Places and the history of our area went into my town of Endurance. Anyone who knows Monmouth knows what a nightmare it is to drive defensively around the Public Square. That made the cut for Endurance. Every small town has a Nub Swenson who drives 10 miles an hour when you’re behind him and late for an appointment. Bill Tully’s sports bar in “Three May Keep a Secret” is much like Petey’s, a local sports bar that used to be in Monmouth. The pioneer, college-founding history of Endurance is much like the dual histories of Monmouth and Galesburg. “Death Takes No Bribes” borrowed the layout of the high school (with a bit of fictional refurbishing) where I had taught.
“The Witch’s Child” has scenes in these settings, but also continues the atmosphere of a small town where gossip flies faster than the internet, and speculation about a murder revs up to the point of craziness. The police press conference takes place at the high school gymnasium, the public library and a local coffee shop get their days in the spotlight, and the Endurance Register has its share of “Letters to the Editor,” a few quite intelligent and others … well …” Please don’t get me wrong — I love small towns and “The Witch’s Child” adds a touch of magic to the mix. 
This is the fourth book in this series. Are there similar themes among the books in addition to having the same protagonist?
While I write a genre called “cozy mysteries,” my books are more traditional cozies. I don’t add crafts or recipes or knitting. Instead, I often quietly add social issues that are important to me. My overall themes are about women who are strong and support each other, standing up for what’s right, and overcoming tragedy our pasts while moving forward. Each book also has its own themes. The hardest to write was about women and abuse, both a hundred years ago and now. That was in my second book, “Marry in Haste.” “Death Takes No Bribes” commented on the infernal testing and teacher evaluation in the current education climate; and my e-book novella, “The Locket: From the Casebook of TJ Sweeney,” explored the racist backstory of my biracial detective. “The Witch’s Child” tackles our attitudes and misunderstandings about people who are different from us, and how social media platforms sure don’t help that. However, my books are meant to entertain. I don’t hit the reader over the head with these heavier issues. I sneak them in, along with murder clues.

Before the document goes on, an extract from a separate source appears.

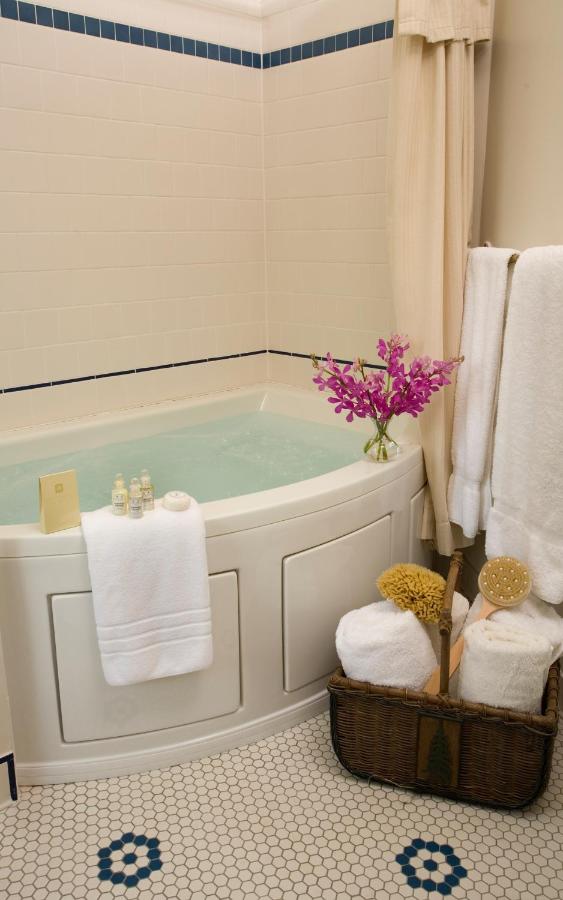 | Lake Pointe Inn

Besides these themes, the Endurance Mysteries have your usual mystery blend of greed, secrets, shocking revelations, extortion, financial fraud, threats, lies and manipulation, and, of course, murder. This is so much fun!
What can readers expect from your new series coming next summer?

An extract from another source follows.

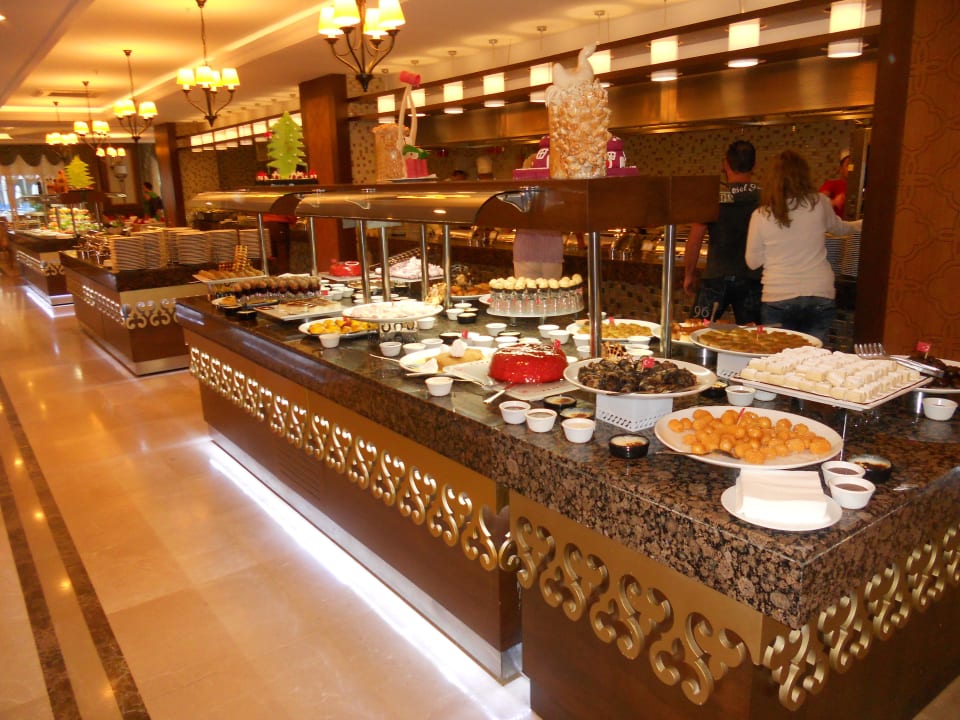 Lecker essen  Dream World Resort & Spa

While continuing the Endurance Mysteries, I’ll begin a three-book contract with Level Best Books. The first book, “Death in a Pale Hue” (an Art Center Mystery), follows artist Jill Madison as she returns to her hometown of Apple Grove to restart her life and manage a new community art center. 

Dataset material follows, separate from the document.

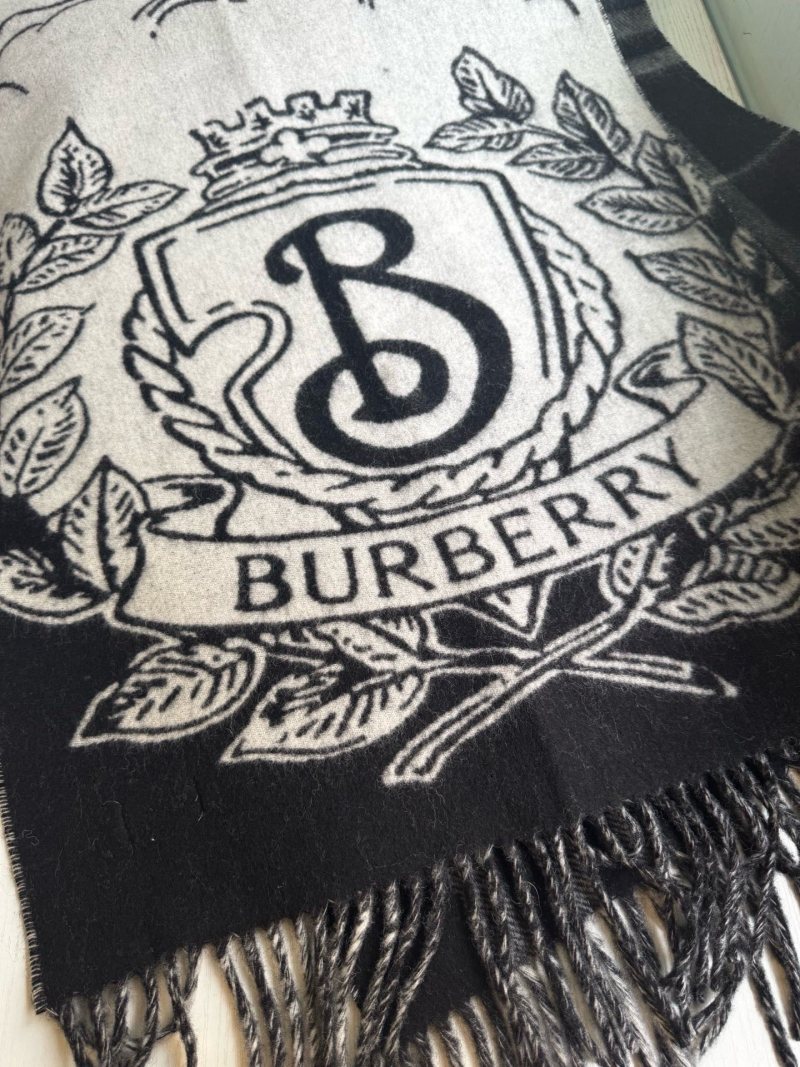 Burberry Reversible Storm Knight Cashmere Scarf Navy view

But she no sooner accepts the job than a burglar makes off with an expensive sculpture, and an uninvited corpse turns up in the basement.
Strangely, we have an art center in Monmouth. What a treasure of information. The second and third books will come out a year apart, so June 2022, 2023 and 2024. 
Where can readers find the books locally and what events are planned?
Locally, the books are available at Wordsmith Bookshoppe and the Galesburg Public Library, and The Buchanan Center for the Arts and the Warren County Public Library in Monmouth. Book signings are coming up on these dates from 11 a.m. to 1 p.m. Oct. 23 at the Warren County Public Library; from 11 a.m. to 1 p.m. Oct. 29 Security Savings and Loan in Monmouth; from 1 to 3 p.m. Nov. 6 at Wordsmith Bookshoppe in Galesburg.